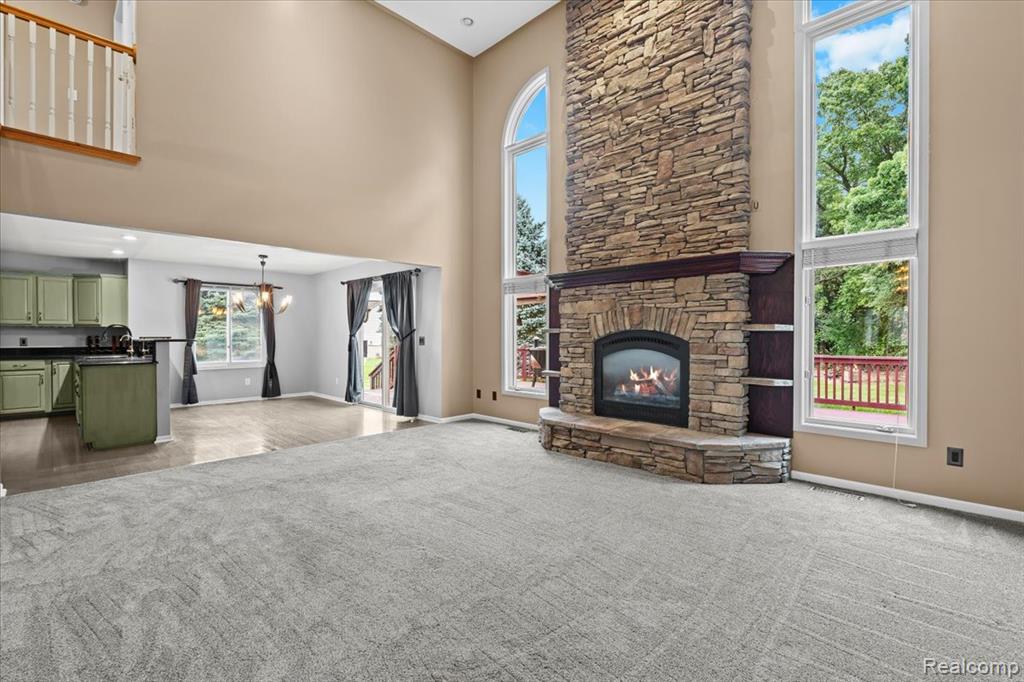 8477 Mist Field Court, Howell, MI 48843 — Photo 6
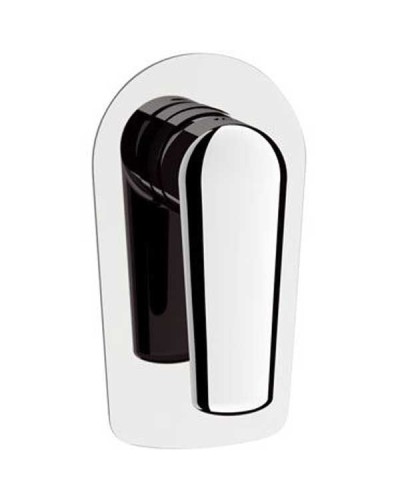 Смеситель для душа Remer Vanity V30 Хром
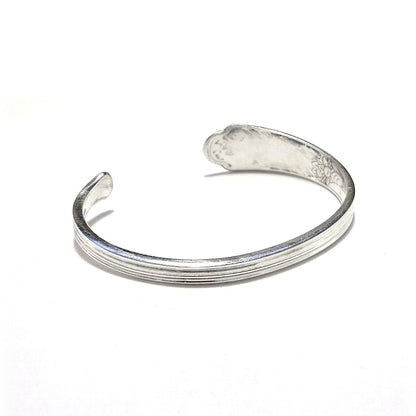 Spoon Bangle　No.8060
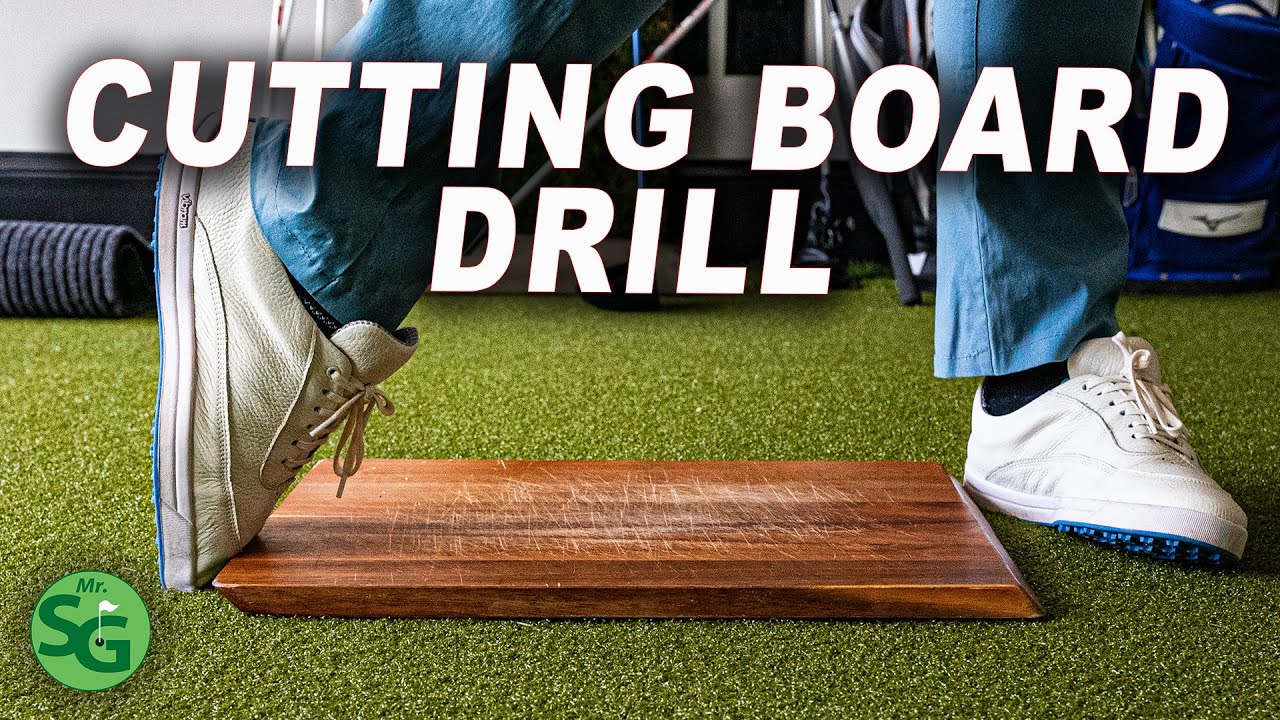 Is This The Best Golf Training Aid Ever?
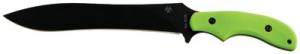 Ka-Bar War Sword Machete Axe/Machete Blade Plastic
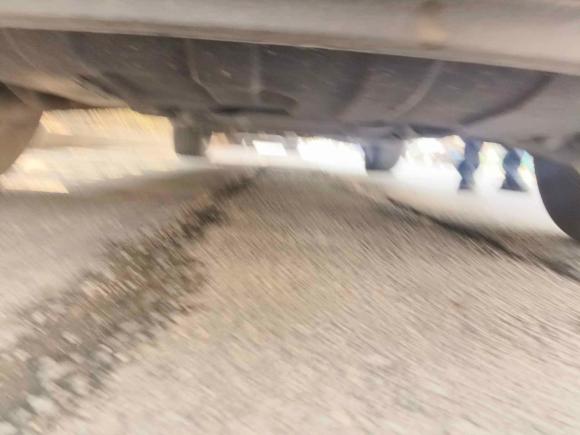 [南京·苏A] 二手Jeep大切诺基2016款 3.0L 舒享导航版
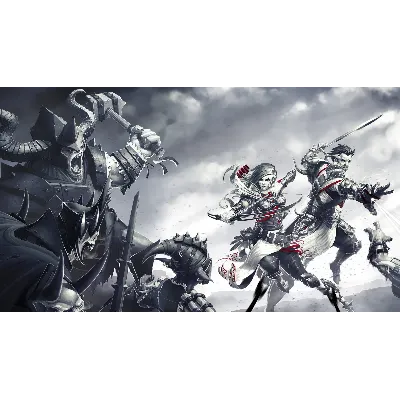 DIVINITY: ORIGINAL SIN ENHANCED EDITION XBOX КЛЮЧ - irongamers.ru
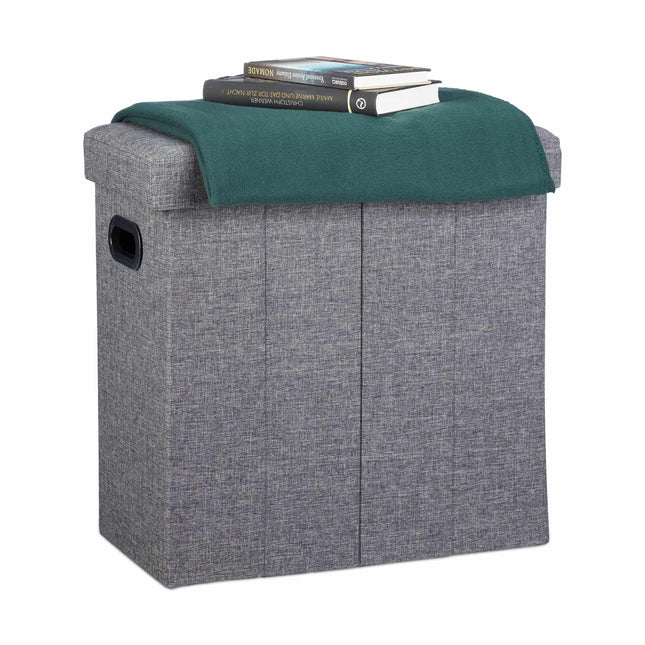 Tabouret pliant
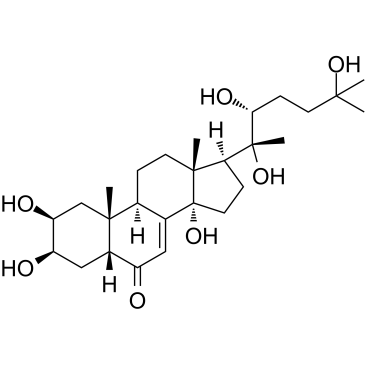 20-Hydroxyecdysone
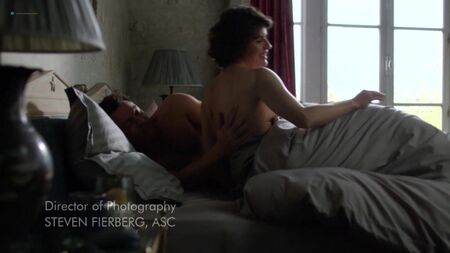 Irène Jacob nackt – The Affair (2017) Staffel 3, Folge 10, HD 1080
----
*Problem statement:* Nothing but an exact copy is needed, covering the lines from the line with "Ka-Bar War Sword" through the last line of the entries, pictures excluded.

*Expected answer:*
 Ka-Bar War Sword Machete Axe/Machete Blade Plastic
 [南京·苏A] 二手Jeep大切诺基2016款 3.0L 舒享导航版
 DIVINITY: ORIGINAL SIN ENHANCED EDITION XBOX КЛЮЧ - irongamers.ru
 Tabouret pliant
 20-Hydroxyecdysone
 Irène Jacob nackt – The Affair (2017) Staffel 3, Folge 10, HD 1080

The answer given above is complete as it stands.